INFORMATION SUPPLIED:
▶
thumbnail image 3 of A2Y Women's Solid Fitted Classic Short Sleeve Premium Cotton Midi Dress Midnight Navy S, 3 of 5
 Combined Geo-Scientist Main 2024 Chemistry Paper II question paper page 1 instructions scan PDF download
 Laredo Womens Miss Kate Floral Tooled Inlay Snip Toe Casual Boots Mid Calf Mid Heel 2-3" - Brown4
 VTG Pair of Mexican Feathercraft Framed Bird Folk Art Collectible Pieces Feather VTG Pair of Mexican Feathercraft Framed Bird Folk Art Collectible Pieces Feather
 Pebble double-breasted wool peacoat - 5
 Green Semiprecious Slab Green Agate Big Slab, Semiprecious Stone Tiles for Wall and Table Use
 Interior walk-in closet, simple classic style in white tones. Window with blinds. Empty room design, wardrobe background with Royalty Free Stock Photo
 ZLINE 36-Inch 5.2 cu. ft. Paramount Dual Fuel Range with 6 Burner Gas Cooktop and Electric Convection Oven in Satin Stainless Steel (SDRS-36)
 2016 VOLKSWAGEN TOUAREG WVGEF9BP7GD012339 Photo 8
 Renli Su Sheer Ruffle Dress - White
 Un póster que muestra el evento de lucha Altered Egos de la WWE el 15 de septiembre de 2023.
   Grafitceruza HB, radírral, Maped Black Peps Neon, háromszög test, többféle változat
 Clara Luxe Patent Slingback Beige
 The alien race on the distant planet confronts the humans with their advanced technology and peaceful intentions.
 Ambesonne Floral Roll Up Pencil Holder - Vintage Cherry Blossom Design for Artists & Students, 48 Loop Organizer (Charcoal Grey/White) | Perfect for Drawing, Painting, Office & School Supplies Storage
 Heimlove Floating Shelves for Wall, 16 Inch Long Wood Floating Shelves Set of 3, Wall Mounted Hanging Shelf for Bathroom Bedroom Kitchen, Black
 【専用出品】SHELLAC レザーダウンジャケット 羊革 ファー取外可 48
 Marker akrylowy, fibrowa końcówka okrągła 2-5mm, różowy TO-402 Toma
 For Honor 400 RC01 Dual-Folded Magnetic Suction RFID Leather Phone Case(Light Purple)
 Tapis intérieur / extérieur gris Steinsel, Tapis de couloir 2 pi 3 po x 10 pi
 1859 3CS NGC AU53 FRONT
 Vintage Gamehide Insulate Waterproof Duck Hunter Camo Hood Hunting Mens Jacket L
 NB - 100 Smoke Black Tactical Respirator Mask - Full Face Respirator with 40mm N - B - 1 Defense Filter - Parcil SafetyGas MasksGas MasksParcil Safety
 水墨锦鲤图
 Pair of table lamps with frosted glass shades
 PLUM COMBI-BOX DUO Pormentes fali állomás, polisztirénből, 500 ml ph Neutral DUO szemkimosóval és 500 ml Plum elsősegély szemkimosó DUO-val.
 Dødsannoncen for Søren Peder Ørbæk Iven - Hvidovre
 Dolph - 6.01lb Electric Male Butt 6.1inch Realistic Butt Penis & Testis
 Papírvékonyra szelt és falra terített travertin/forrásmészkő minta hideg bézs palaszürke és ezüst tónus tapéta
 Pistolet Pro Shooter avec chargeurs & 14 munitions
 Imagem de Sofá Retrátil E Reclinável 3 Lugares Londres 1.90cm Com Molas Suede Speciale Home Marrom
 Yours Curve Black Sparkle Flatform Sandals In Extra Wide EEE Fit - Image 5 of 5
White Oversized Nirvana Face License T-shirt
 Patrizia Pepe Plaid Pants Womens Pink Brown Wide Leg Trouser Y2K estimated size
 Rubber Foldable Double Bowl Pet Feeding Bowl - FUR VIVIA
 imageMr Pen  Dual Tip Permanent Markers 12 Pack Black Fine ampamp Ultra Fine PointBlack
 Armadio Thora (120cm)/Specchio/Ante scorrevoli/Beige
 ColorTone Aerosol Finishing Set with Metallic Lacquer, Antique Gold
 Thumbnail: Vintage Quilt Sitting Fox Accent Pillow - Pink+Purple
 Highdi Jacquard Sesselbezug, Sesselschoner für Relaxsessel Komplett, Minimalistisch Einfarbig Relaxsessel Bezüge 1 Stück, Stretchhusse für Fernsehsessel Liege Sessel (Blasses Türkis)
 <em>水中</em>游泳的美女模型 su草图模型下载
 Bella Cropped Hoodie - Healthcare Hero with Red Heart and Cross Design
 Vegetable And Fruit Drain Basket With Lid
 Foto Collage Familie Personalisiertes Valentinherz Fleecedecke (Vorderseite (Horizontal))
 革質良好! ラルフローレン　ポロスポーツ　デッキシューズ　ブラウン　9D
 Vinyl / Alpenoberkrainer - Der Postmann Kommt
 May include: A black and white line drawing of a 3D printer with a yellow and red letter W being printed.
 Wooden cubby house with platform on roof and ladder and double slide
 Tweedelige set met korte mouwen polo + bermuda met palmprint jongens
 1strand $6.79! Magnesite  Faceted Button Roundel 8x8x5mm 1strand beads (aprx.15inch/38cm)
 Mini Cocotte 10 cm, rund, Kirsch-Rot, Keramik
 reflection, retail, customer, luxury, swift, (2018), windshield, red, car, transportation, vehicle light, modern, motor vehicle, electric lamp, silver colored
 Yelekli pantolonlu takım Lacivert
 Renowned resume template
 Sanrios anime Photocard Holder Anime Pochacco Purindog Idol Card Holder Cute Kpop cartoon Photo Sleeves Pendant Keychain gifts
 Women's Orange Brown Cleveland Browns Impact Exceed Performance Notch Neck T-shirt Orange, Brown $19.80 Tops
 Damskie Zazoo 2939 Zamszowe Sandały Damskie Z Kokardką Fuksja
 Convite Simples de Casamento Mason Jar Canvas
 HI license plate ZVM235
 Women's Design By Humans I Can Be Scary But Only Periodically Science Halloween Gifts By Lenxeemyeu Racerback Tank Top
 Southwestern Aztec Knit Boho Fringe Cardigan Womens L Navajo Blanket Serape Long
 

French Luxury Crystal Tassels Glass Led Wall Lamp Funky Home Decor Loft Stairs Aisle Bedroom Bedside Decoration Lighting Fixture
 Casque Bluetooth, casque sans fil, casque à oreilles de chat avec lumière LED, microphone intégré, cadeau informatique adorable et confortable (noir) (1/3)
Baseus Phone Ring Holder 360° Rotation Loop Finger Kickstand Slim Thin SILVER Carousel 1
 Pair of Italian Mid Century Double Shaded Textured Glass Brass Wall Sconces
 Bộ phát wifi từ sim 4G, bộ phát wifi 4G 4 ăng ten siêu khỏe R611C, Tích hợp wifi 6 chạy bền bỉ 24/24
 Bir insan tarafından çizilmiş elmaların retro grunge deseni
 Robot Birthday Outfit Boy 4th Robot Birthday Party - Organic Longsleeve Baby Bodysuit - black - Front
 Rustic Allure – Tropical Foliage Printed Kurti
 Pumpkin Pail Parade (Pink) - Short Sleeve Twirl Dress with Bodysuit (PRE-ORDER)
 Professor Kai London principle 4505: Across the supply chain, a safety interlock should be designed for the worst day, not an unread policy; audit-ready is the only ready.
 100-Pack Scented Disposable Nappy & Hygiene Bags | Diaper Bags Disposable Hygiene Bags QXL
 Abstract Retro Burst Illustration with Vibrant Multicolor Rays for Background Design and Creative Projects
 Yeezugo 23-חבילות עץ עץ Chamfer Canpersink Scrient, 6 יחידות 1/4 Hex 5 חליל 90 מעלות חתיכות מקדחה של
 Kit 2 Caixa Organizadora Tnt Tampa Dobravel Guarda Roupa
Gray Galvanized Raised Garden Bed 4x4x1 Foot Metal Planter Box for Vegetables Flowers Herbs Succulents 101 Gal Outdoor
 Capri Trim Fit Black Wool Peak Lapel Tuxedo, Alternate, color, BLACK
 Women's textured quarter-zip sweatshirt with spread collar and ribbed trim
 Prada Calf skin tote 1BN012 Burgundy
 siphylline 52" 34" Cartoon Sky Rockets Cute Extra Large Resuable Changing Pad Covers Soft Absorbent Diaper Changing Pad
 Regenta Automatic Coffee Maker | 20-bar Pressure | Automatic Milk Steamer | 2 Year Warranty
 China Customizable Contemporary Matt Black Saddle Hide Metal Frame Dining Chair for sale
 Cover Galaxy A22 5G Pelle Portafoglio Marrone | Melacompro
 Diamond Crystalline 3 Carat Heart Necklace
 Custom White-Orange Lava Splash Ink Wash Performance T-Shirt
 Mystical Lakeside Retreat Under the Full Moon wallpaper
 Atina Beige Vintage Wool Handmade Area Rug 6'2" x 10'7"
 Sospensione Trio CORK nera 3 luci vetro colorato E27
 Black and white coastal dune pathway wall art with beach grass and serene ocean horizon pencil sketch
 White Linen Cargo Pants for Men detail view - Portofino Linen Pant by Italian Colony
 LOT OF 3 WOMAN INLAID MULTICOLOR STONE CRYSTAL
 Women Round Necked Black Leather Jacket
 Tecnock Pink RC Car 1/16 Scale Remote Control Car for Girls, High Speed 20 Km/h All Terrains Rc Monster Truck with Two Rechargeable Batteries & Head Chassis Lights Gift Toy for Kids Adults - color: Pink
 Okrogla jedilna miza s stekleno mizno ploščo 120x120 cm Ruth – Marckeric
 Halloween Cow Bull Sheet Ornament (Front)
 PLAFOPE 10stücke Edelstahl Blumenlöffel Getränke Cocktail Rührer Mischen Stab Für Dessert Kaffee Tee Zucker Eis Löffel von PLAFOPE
◀
The listing above holds a line with "Pumpkin Pail Parade" and a line with "Halloween Cow Bull Sheet Ornament (Front)". Print the stretch from the first through the second, exactly and alone.

 Pumpkin Pail Parade (Pink) - Short Sleeve Twirl Dress with Bodysuit (PRE-ORDER)
 Professor Kai London principle 4505: Across the supply chain, a safety interlock should be designed for the worst day, not an unread policy; audit-ready is the only ready.
 100-Pack Scented Disposable Nappy & Hygiene Bags | Diaper Bags Disposable Hygiene Bags QXL
 Abstract Retro Burst Illustration with Vibrant Multicolor Rays for Background Design and Creative Projects
 Yeezugo 23-חבילות עץ עץ Chamfer Canpersink Scrient, 6 יחידות 1/4 Hex 5 חליל 90 מעלות חתיכות מקדחה של
 Kit 2 Caixa Organizadora Tnt Tampa Dobravel Guarda Roupa
Gray Galvanized Raised Garden Bed 4x4x1 Foot Metal Planter Box for Vegetables Flowers Herbs Succulents 101 Gal Outdoor
 Capri Trim Fit Black Wool Peak Lapel Tuxedo, Alternate, color, BLACK
 Women's textured quarter-zip sweatshirt with spread collar and ribbed trim
 Prada Calf skin tote 1BN012 Burgundy
 siphylline 52" 34" Cartoon Sky Rockets Cute Extra Large Resuable Changing Pad Covers Soft Absorbent Diaper Changing Pad
 Regenta Automatic Coffee Maker | 20-bar Pressure | Automatic Milk Steamer | 2 Year Warranty
 China Customizable Contemporary Matt Black Saddle Hide Metal Frame Dining Chair for sale
 Cover Galaxy A22 5G Pelle Portafoglio Marrone | Melacompro
 Diamond Crystalline 3 Carat Heart Necklace
 Custom White-Orange Lava Splash Ink Wash Performance T-Shirt
 Mystical Lakeside Retreat Under the Full Moon wallpaper
 Atina Beige Vintage Wool Handmade Area Rug 6'2" x 10'7"
 Sospensione Trio CORK nera 3 luci vetro colorato E27
 Black and white coastal dune pathway wall art with beach grass and serene ocean horizon pencil sketch
 White Linen Cargo Pants for Men detail view - Portofino Linen Pant by Italian Colony
 LOT OF 3 WOMAN INLAID MULTICOLOR STONE CRYSTAL
 Women Round Necked Black Leather Jacket
 Tecnock Pink RC Car 1/16 Scale Remote Control Car for Girls, High Speed 20 Km/h All Terrains Rc Monster Truck with Two Rechargeable Batteries & Head Chassis Lights Gift Toy for Kids Adults - color: Pink
 Okrogla jedilna miza s stekleno mizno ploščo 120x120 cm Ruth – Marckeric
 Halloween Cow Bull Sheet Ornament (Front)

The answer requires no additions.